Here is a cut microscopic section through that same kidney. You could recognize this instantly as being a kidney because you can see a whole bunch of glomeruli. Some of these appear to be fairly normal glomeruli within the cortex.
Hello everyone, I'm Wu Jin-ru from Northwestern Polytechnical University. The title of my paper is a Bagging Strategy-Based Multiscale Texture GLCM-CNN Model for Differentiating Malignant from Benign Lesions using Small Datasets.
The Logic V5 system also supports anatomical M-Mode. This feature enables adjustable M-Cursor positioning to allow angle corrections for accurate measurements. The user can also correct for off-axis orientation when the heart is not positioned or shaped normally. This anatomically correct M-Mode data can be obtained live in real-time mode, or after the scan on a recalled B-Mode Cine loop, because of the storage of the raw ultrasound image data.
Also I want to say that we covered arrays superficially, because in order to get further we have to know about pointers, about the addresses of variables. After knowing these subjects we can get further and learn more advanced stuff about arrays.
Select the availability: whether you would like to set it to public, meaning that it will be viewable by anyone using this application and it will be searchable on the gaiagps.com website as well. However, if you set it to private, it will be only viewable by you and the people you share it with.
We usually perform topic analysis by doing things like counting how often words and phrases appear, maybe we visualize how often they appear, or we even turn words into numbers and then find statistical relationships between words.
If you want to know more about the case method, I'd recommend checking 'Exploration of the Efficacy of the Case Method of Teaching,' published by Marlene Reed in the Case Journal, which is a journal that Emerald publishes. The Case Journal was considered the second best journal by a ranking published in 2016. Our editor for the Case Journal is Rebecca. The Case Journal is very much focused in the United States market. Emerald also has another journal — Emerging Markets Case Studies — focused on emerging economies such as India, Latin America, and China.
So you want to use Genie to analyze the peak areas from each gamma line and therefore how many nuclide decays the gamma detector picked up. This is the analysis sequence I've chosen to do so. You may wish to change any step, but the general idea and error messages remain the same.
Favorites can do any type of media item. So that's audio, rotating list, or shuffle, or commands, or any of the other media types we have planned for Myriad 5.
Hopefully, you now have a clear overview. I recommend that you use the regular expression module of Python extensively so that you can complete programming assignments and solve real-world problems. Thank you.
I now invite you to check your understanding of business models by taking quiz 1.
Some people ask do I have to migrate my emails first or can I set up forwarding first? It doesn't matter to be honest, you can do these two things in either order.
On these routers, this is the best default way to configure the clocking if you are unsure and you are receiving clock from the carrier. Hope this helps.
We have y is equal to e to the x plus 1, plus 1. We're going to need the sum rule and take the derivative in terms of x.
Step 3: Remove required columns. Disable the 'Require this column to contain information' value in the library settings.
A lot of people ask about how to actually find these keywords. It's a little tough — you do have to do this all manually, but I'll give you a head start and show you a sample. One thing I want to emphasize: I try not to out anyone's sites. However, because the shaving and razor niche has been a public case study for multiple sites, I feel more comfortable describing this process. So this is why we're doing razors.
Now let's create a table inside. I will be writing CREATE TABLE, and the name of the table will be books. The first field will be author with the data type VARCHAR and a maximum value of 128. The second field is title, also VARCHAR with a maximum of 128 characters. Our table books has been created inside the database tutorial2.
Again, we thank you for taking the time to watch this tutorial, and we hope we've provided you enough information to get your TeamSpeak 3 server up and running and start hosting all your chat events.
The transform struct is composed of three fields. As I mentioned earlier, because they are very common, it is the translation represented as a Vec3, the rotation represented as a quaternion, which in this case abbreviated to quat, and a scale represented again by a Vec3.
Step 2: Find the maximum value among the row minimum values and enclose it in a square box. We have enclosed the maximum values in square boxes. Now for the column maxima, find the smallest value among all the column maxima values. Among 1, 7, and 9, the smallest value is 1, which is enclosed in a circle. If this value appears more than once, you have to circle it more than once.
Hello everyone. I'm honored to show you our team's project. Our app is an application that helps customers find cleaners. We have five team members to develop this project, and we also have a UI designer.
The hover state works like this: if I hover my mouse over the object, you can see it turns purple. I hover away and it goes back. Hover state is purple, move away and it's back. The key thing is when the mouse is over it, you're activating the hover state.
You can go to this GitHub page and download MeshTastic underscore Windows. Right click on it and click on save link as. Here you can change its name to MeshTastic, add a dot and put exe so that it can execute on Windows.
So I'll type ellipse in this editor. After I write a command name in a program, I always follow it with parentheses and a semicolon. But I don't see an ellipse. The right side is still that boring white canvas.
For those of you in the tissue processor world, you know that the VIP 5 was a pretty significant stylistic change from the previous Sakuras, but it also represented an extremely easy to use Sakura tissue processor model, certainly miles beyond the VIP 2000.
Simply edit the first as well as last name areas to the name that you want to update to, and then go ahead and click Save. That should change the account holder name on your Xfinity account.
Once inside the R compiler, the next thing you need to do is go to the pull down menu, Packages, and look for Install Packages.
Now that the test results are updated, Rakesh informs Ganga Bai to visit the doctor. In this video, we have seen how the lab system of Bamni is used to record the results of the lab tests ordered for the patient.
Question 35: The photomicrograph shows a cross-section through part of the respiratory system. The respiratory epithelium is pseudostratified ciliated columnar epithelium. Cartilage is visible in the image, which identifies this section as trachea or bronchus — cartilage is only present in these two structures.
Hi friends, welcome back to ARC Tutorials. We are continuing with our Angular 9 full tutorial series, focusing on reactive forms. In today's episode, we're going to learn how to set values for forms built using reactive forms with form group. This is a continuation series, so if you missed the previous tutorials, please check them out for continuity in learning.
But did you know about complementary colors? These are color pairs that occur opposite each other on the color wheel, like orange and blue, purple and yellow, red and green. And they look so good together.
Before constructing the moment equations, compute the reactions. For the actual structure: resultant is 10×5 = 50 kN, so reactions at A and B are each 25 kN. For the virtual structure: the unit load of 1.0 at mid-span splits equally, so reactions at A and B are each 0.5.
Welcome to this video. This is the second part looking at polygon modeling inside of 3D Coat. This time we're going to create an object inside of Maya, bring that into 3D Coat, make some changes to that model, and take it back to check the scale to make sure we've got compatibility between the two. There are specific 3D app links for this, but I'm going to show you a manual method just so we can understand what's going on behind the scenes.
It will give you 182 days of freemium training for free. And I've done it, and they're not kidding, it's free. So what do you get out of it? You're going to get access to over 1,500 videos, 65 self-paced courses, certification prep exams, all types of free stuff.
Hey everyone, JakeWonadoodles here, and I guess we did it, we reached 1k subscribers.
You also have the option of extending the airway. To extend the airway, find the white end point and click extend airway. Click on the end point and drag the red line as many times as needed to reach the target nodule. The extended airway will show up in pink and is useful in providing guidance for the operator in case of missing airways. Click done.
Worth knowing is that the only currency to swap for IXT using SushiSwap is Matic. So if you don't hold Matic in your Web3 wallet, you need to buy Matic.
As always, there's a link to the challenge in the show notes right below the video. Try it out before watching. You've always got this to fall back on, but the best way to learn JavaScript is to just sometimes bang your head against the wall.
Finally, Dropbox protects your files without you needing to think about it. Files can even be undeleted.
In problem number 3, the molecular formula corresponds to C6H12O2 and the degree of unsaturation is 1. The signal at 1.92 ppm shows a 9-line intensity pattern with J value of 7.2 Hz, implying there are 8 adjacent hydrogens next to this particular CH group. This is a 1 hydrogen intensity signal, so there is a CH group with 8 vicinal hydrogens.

══════════════════════════════

Assignment → Line count for "helps": give the number of lines in the data above that include it, and nothing else.

Result → 2